TreeHouse Foods, Inc. is a manufacturer of packaged foods and beverages with more than 50 manufacturing facilities across the United States, Canada and Italy that focuses primarily on private label products for both retail grocery and food away from home customers. We manufacture shelf stable, refrigerated, frozen and fresh products, including beverages and beverage enhancers (single serve beverages, coffees, teas, creamers, powdered beverages and smoothies); meals (cereal, pasta, macaroni and cheese and side dishes); retail bakery (refrigerated and frozen dough); condiments (pourable and spoonable dressing, dips, pickles, soups and sauces) and healthy snacks (nuts, trail mix, bars, dried fruits and vegetables). We have a comprehensive offering of packaging formats and flavor profiles, and we also offer natural, organic and preservative free ingredients in many categories. Our strategy is to be the leading supplier of private label food and beverage products by providing the best balance of quality and cost to our customers.


Additional information, including TreeHouse’s most recent statements on Forms 10-Q and 10-K, may be found at TreeHouse’s website, http://www.treehousefoods.com.

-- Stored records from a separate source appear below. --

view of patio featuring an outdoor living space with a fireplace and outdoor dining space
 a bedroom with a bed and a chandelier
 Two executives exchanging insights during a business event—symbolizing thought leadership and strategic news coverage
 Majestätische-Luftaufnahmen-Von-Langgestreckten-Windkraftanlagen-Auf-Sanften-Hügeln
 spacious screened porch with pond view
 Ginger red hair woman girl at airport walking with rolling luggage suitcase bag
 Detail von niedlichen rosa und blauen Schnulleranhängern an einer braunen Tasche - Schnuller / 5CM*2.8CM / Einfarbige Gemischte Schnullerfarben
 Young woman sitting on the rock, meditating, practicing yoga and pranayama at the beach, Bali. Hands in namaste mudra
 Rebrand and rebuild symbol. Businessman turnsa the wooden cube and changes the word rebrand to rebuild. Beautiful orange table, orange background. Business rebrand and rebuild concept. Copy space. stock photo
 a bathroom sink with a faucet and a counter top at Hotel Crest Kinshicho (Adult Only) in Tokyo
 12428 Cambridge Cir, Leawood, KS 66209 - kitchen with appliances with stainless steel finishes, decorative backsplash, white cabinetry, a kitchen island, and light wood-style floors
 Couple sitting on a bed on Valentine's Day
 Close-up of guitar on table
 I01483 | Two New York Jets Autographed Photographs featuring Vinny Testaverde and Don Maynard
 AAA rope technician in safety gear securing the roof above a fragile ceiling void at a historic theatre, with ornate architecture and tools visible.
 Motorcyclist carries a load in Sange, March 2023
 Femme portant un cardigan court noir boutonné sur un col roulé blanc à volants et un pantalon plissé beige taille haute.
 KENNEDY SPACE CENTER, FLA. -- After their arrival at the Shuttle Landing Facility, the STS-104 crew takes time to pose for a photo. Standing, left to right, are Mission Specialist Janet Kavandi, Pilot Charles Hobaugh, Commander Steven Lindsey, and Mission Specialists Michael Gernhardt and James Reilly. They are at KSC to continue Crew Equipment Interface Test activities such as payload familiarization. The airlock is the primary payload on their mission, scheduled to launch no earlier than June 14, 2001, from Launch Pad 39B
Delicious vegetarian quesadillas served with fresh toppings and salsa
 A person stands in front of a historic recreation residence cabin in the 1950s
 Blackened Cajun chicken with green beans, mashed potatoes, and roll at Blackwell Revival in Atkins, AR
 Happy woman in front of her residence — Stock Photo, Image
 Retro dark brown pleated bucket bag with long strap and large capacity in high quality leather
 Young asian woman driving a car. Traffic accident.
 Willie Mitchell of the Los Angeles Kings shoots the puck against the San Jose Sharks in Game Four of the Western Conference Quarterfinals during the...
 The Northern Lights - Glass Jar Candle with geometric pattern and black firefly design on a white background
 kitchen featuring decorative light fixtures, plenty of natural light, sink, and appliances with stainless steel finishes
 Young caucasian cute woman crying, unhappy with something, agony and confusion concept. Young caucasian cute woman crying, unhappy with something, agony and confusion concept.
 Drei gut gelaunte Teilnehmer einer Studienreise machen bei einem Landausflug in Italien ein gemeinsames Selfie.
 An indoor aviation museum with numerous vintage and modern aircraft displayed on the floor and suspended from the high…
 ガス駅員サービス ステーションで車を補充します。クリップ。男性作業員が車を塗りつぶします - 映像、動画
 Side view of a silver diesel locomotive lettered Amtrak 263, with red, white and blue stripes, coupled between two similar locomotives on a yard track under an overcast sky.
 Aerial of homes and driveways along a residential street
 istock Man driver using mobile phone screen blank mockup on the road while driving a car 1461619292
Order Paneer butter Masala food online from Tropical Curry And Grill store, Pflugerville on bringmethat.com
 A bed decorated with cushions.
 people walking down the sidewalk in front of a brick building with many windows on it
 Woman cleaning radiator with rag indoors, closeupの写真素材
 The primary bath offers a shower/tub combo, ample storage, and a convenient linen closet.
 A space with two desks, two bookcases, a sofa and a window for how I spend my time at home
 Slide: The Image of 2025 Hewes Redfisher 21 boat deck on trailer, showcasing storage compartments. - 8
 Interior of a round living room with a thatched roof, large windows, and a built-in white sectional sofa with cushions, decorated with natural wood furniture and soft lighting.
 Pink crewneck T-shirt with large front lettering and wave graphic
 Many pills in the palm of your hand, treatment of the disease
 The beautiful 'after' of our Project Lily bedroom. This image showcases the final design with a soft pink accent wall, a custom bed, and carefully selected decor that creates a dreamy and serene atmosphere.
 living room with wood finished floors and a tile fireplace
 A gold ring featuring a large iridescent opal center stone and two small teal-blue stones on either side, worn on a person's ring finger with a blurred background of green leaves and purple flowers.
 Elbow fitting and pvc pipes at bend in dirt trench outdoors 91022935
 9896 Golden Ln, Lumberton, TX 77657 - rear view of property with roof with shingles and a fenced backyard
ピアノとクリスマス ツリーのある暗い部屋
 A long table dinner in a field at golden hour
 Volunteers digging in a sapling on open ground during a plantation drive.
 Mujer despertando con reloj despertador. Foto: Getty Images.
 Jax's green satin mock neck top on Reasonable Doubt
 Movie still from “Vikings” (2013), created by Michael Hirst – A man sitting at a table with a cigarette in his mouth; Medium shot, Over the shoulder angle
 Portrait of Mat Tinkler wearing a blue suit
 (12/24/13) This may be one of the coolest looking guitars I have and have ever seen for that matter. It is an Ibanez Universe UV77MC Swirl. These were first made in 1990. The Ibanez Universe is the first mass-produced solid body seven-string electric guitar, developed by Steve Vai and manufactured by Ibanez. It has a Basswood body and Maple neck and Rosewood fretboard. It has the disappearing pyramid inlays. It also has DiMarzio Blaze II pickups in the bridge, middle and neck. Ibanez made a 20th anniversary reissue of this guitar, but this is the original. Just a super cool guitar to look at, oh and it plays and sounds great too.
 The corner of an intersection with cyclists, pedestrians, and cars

FORWARD LOOKING STATEMENTS

This press release contains “forward-looking statements.” Forward-looking statements include all statements that do not relate solely to historical or current facts, and can generally be identified by the use of words such as “may,” “should,” “could,” “expects,” “seek to,” “anticipates,” “plans,” “believes,” “estimates,” “intends,” “predicts,” “projects,” “potential” or “continue” or the negative of such terms and other comparable terminology. These statements are only predictions. The outcome of the events described in these forward-looking statements is subject to known and unknown risks, uncertainties and other factors that may cause TreeHouse or its industry’s actual results, levels of activity, performance or achievements to be materially different from any future results, levels of activity, performance or achievements expressed or implied by these forward-looking statements. TreeHouse’s Form 10-K for the year ended December 31, 2014, and other filings with the SEC, discuss some of the factors that could contribute to these differences. You are cautioned not to unduly rely on such forward-looking statements, which speak only as of the date made, when evaluating the information presented in this press release. TreeHouse expressly disclaims any obligation or undertaking to disseminate any updates or revisions to any forward-looking statement contained herein, to reflect any change in its expectations with regard thereto, or any other change in events, conditions or circumstances on which any statement is based.